Se os elevados preços das commodities primárias têm promovido significativos superávits e garantido a prorrogação do plano, é completamente esdrúxula a recorrente e ufanista pergunta: "Por que não aproveitamos o crescimento mundial para também crescer?" Objetivamente, é porque o aproveitamos para estabilizar. Não há crescimento sustentável sem estabilidade monetária. Tudo indica, no entanto, que o esforço do BC é para garantir estabilidade no câmbio. Agora, além dos de juros, o fluxo é fortalecido por forte balança comercial e novos investimentos.
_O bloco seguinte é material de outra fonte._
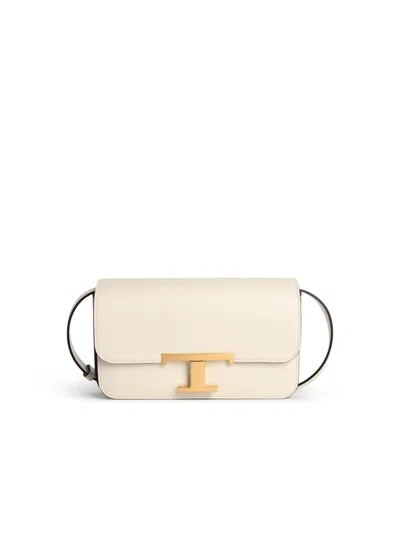 Tod's White Leather Bag
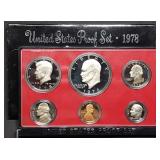 1978 US Mint Proof Set w/ Ike Dollar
Ao atribuir ao real sobrevalorizado prioridade causal à fragilização de amplos setores produtivos, não estou eliminando outras variáveis interativas que continuam obstruindo o crescimento sustentado. Mas o câmbio ganhou proeminência nos últimos meses e nada indica que teremos mudança significativa de rota. Assim, creio ser imprescindível, sem a pressão inflacionária de outrora, darmos um passo largo na superação da política econômica prevalecente. Urge tornar nossas empresas mais competitivas, adotando, por três razões relacionadas, a redução rápida e significativa da taxa de juros, elemento capaz de neutralizar os entraves ao desenvolvimento. A redução da taxa de juros exigiria menor superávit, viabilizando a aceleração dos investimentos públicos e, quiçá, poderia ser o arcabouço de uma reforma fiscal séria e abrangente. Em segundo lugar, a redução dos juros pode aquecer o consumo, beneficiando setores altamente comprometidos com a valorização do real e tornaria menos atrativa a entrada de dólar.

Só aqueles que crêem que a economia de mercado é o resultado de ações egoístas de agentes racionais maximizadores de recursos e altamente eficientes persistem na intransigente defesa da competição internacional como promotora de significativo aumento da produtividade. Defendem a máxima "total liberdade de movimentação para os capitais", idiossincrasia que idiotiza a política econômica. Míopes, também acreditam que a meta de inflação estabelecida pelo CMN pode provocar por si a estabilidade. Não percebem que a meta é alcançada não por sincronia das decisões dos agentes individuais, mas porque, uma vez estabelecida, o BC controla e manipula variáveis fundamentais para obtenção de seu objetivo - juros e câmbio - e assim define o nível da atividade econômica e o grau de concorrência internacional.

A competição em escala global é uma realidade incontornável que impõem mudanças profundas de paradigmas. A eficiência produtiva pressupõe a sincronização da política econômica com a política monetária. Sustentabilidade e competitividade exigem marco regulatório adequado, políticas macroeconômicas eficientes e regularidade jurisdicional, além da consolidação dos avanços sociais e políticos. Mas são extremamente suscetíveis aos custos demasiados que os juros, o câmbio e os impostos impõem no Brasil.

Fernando de Melo Nogueira é cientista político pela UFMG, ex-secretário de Orçamento de Belo Horizonte, diretor da FPM/PBH e professor das universidades FUMEC e Itaúna.